◆ Task to carry out: Output the entries exactly. Start at the first line, finish with the line containing "Sweet cookies with", and omit the pictures.

◆ Stored dataset items:
- Opening Delimiter -

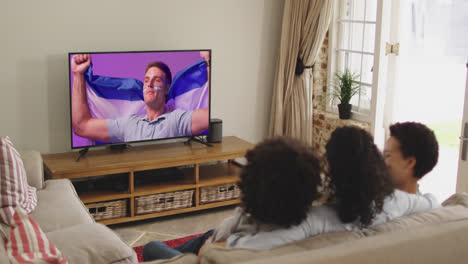 Biracial-family-watching-tv-with-caucasian-male-supporter-with-flag-on-screen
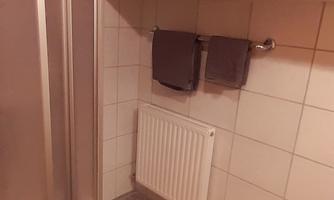 A modern bathroom with a shower cabin. Towels hang on the wall and a green bath rug is on the floor.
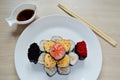 Rolls and sushi folded in the form of a cake on a white plate Royalty Free Stock Photo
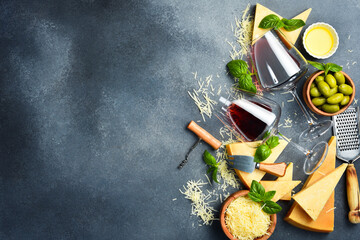 Pieces of hard aged cheese and glasses of red wine. Top view. Food background, free space for text.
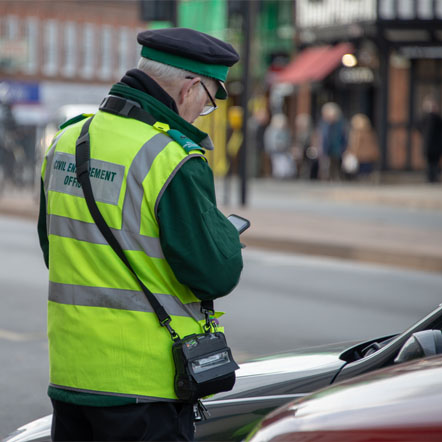 Image showing a civil enforcement officer applying a parking ticket to a car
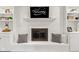 Living room fireplace featuring white brick with built-in shelves and a TV at 945 Baywood Ct, Columbus, IN 47201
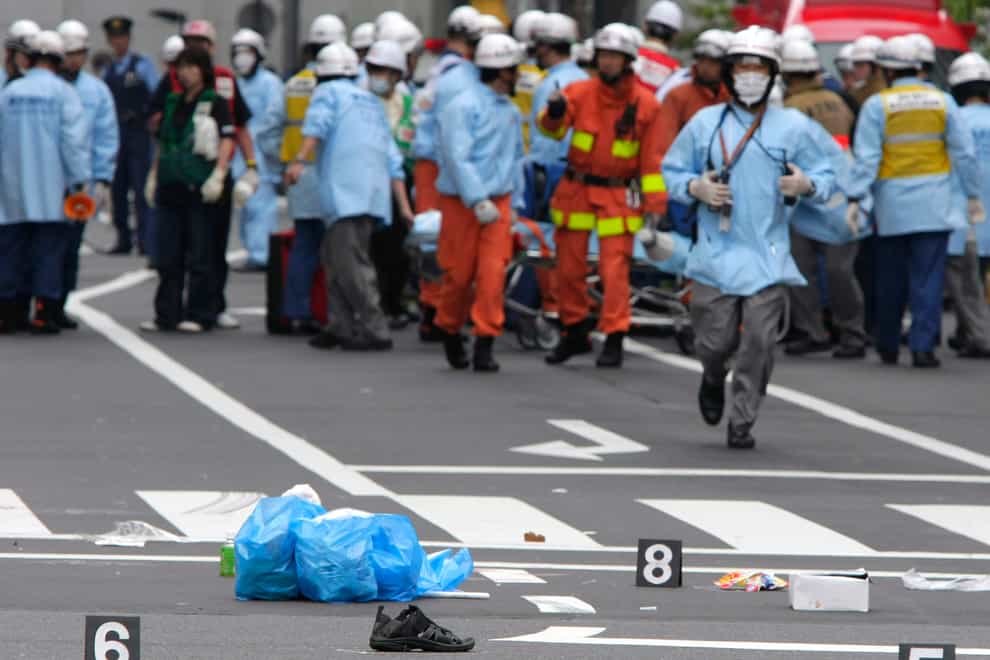 Shoes of victims were left on the street after the attack (Itsuo Inouye/AP)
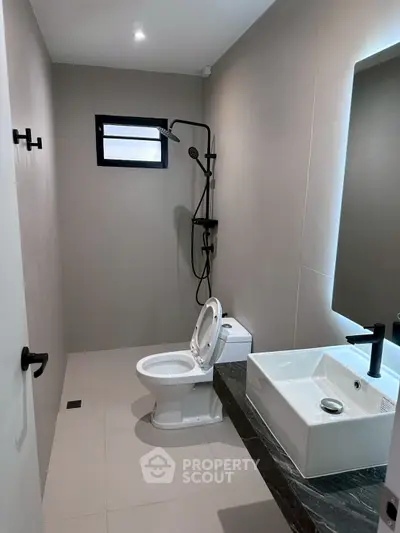 Modern bathroom with sleek fixtures and minimalist design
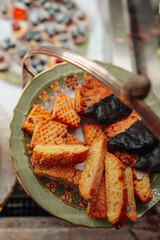 Sweet cookies with nuts and cakes with chocolate on a ceramic plate. Top view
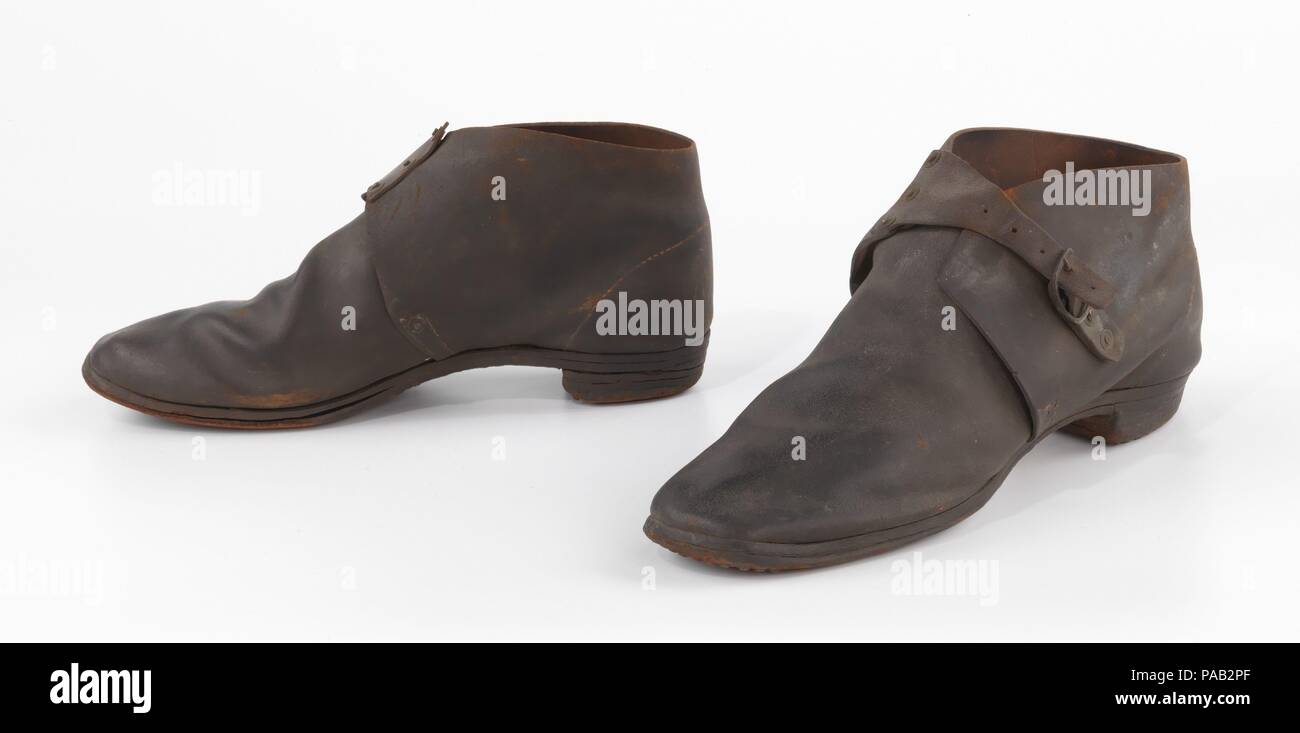 Brogans. Cultura: American. Data: 1860-65. Dall'ultimo quarto del XVIII secolo, la lavorazione della calzatura è stata una grande industria di cottage in Nuova Inghilterra e da circa 1850, una rapida alluvione del neo-inventare macchine specializzate servita a concentrare la produzione negli stabilimenti. La domanda militare per grandi quantitativi di economici e rapidamente le merci prodotte durante la Guerra Civile Americana catalizzato l'espansione della produzione industriale. Questo primo esempio di una fabbrica fatta prodotte in massa a coppia di brogans incorpora diversi nuovi processi industriali: macchina di cucitura a punto a catenella, rivettata di cinghie, e mechanicall Foto Stock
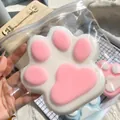 Macro view of a giant 14cm flocked cat paw squishy toy in clear packaging - White and Pink Smooth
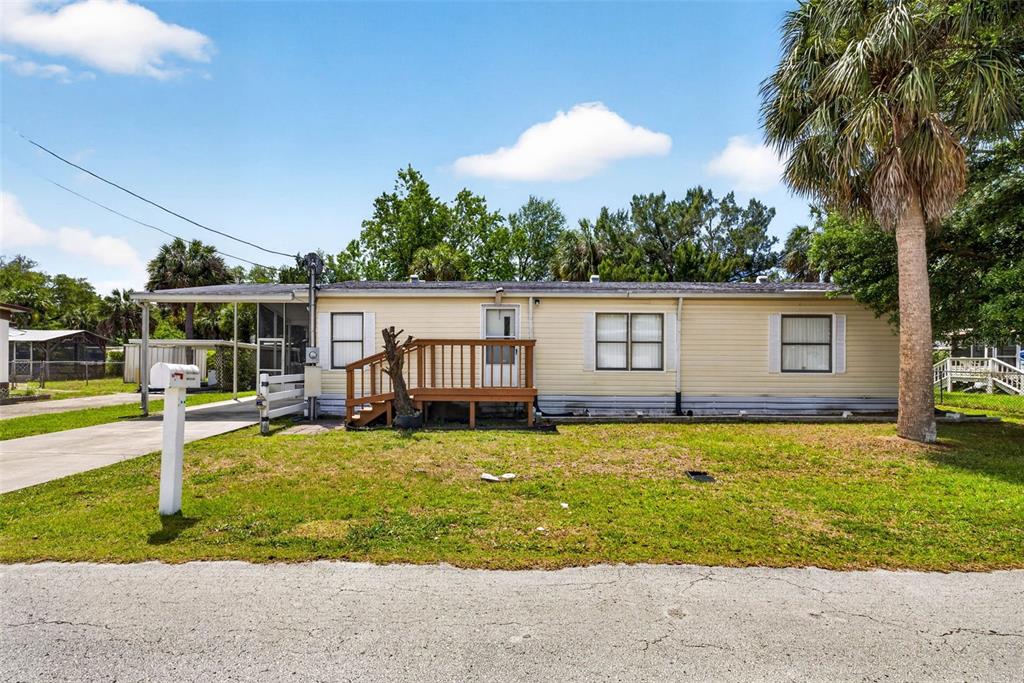 A single-story mobile home with light yellow siding, a wooden front deck, and a carport — 8552 W PEACOCK COURT, HOMOSASSA, FL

- Closing Delimiter -

◆ Exercise response:
 Biracial-family-watching-tv-with-caucasian-male-supporter-with-flag-on-screen
 A modern bathroom with a shower cabin. Towels hang on the wall and a green bath rug is on the floor.
 Rolls and sushi folded in the form of a cake on a white plate Royalty Free Stock Photo
 Pieces of hard aged cheese and glasses of red wine. Top view. Food background, free space for text.
 Image showing a civil enforcement officer applying a parking ticket to a car
 Living room fireplace featuring white brick with built-in shelves and a TV at 945 Baywood Ct, Columbus, IN 47201
 Shoes of victims were left on the street after the attack (Itsuo Inouye/AP)
 Modern bathroom with sleek fixtures and minimalist design
 Sweet cookies with nuts and cakes with chocolate on a ceramic plate. Top view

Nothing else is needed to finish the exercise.